Investigating the Impact of Semi-Supervised Methods with Data Augmentation on Offensive Language Detection in Romanian Language

Elena-Beatrice Nicola; Dumitru-Clementin Cercel; Florin Pop

Investigating the Impact of Semi-Supervised Methods with Data Augmentation on Offensive Language Detection in Romanian Language

Elena-Beatrice Nicola, Dumitru-Clementin Cercel, Florin Pop

TL;DR

This paper implemented eight semi-supervised methods and ran experiments for them using only the available data in the RO-Offense dataset and applying five augmentation techniques before feeding the data to the models, demonstrating some of them benefit more from augmentations than others.

Abstract

Offensive language detection is a crucial task in today's digital landscape, where online platforms grapple with maintaining a respectful and inclusive environment. However, building robust offensive language detection models requires large amounts of labeled data, which can be expensive and time-consuming to obtain.
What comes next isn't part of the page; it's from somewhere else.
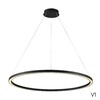 Миниатюра фото подвесной светодиодный светильник crystal lux fortuna sp88w led black | 220svet.ru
Semi-supervised learning offers a feasible solution by utilizing labeled and unlabeled data to create more accurate and robust models. In this paper, we explore a few different semi-supervised methods, as well as data augmentation techniques. Concretely, we implemented eight semi-supervised methods and ran experiments for them using only the available data in the RO-Offense dataset and applying five augmentation techniques before feeding the data to the models. Experimental results demonstrate that some of them benefit more from augmentations than others.